WORK REQUEST: Beginning with the line that holds "Benvenuti Nel Sud" and ending with the last line, please repeat the entries exactly and omit the pictures.

Brief descriptive captions:

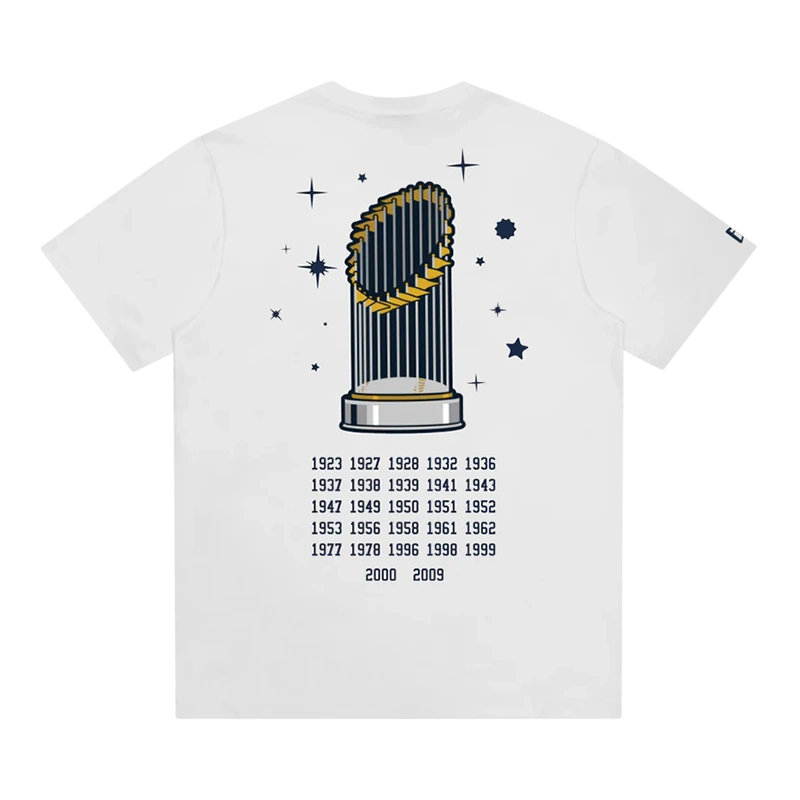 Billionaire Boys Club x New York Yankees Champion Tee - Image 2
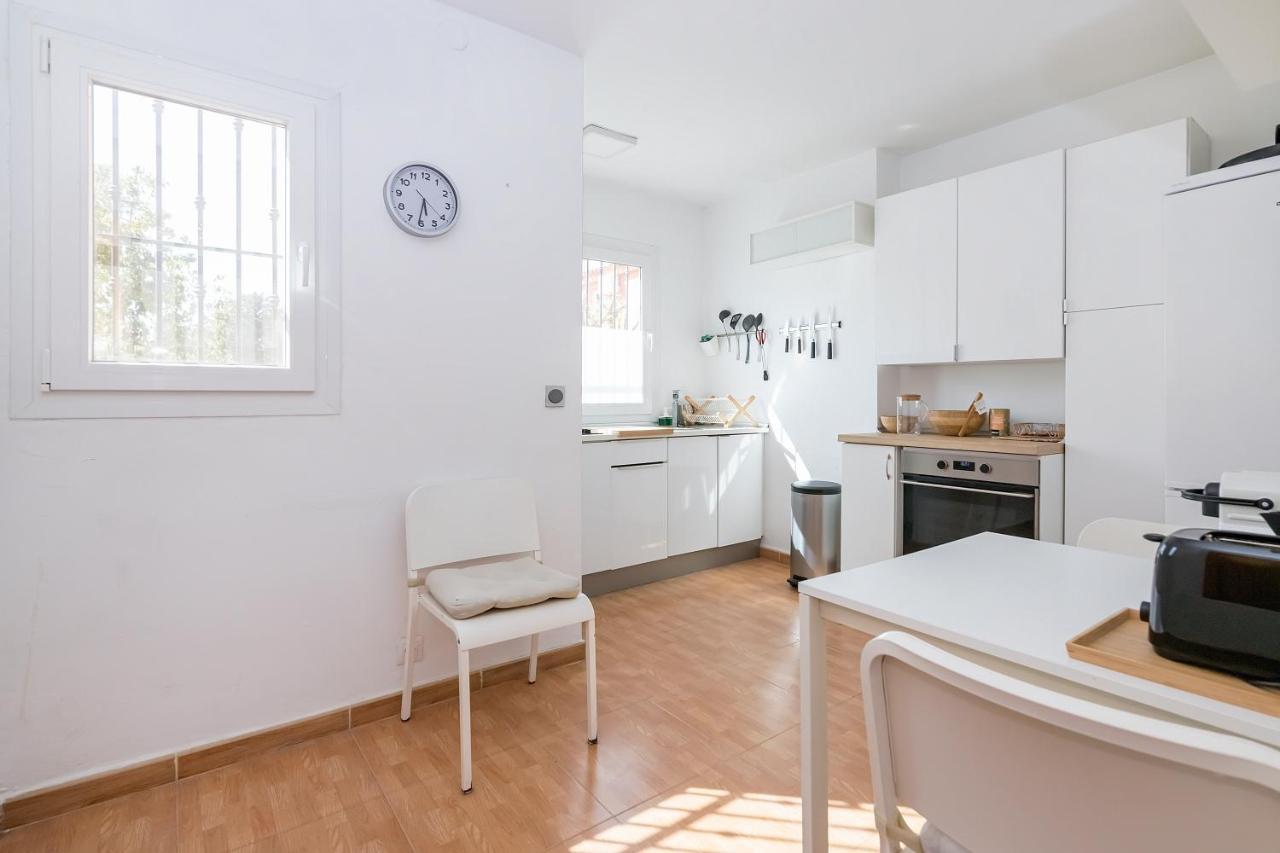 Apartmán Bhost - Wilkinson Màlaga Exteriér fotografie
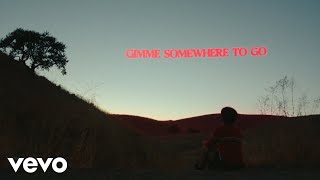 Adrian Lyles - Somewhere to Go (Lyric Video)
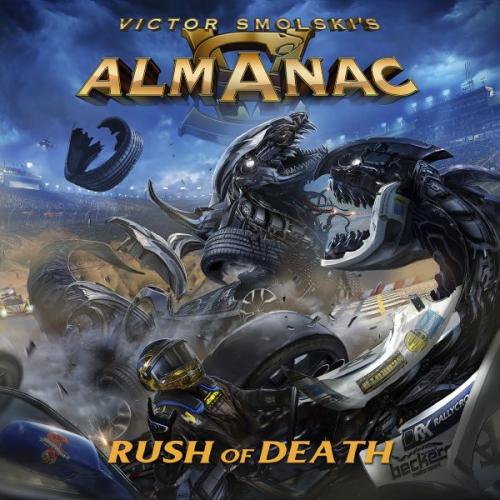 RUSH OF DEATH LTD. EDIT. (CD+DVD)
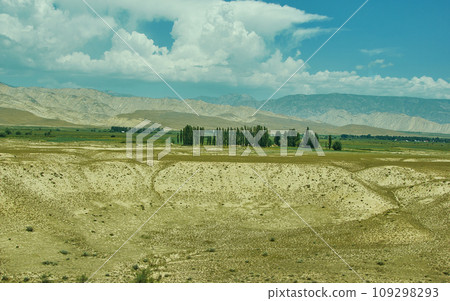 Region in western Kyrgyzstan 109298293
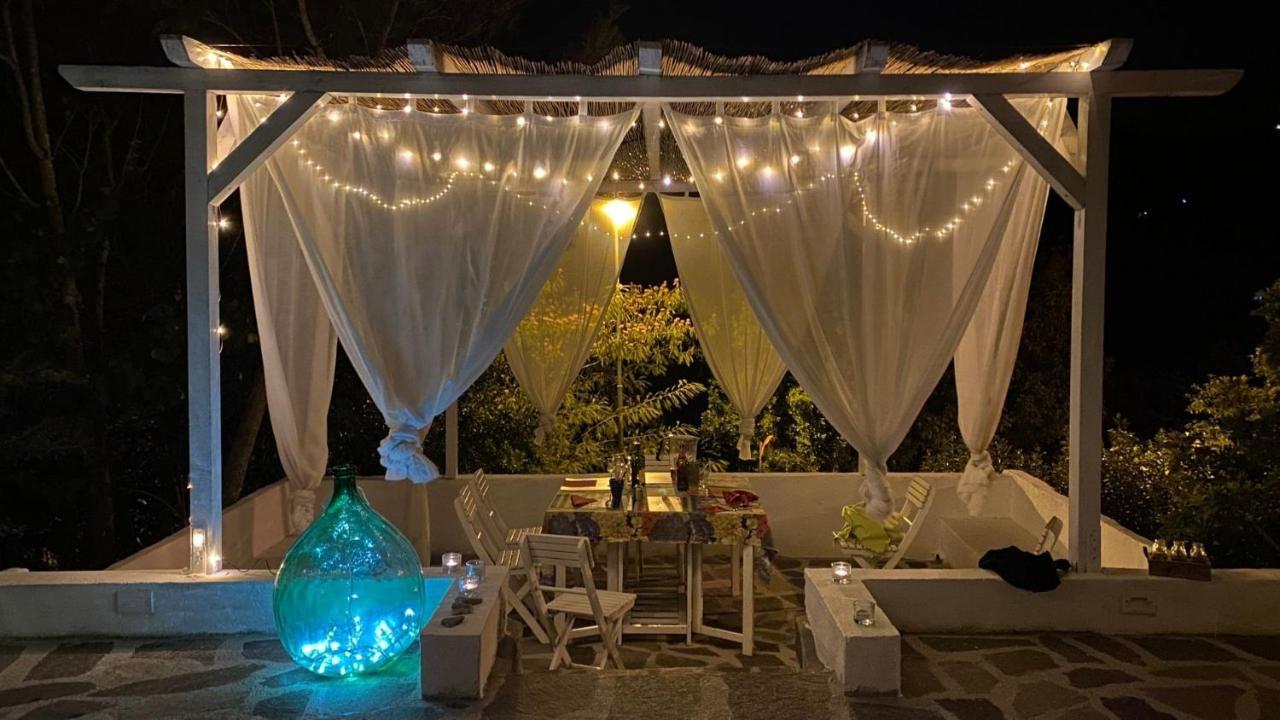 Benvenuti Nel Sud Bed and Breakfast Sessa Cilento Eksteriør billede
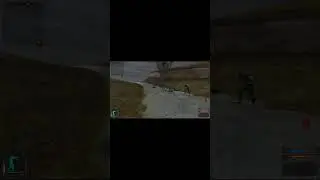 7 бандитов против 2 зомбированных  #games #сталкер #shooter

FINISHED EXERCISE:
 Benvenuti Nel Sud Bed and Breakfast Sessa Cilento Eksteriør billede
 7 бандитов против 2 зомбированных  #games #сталкер #shooter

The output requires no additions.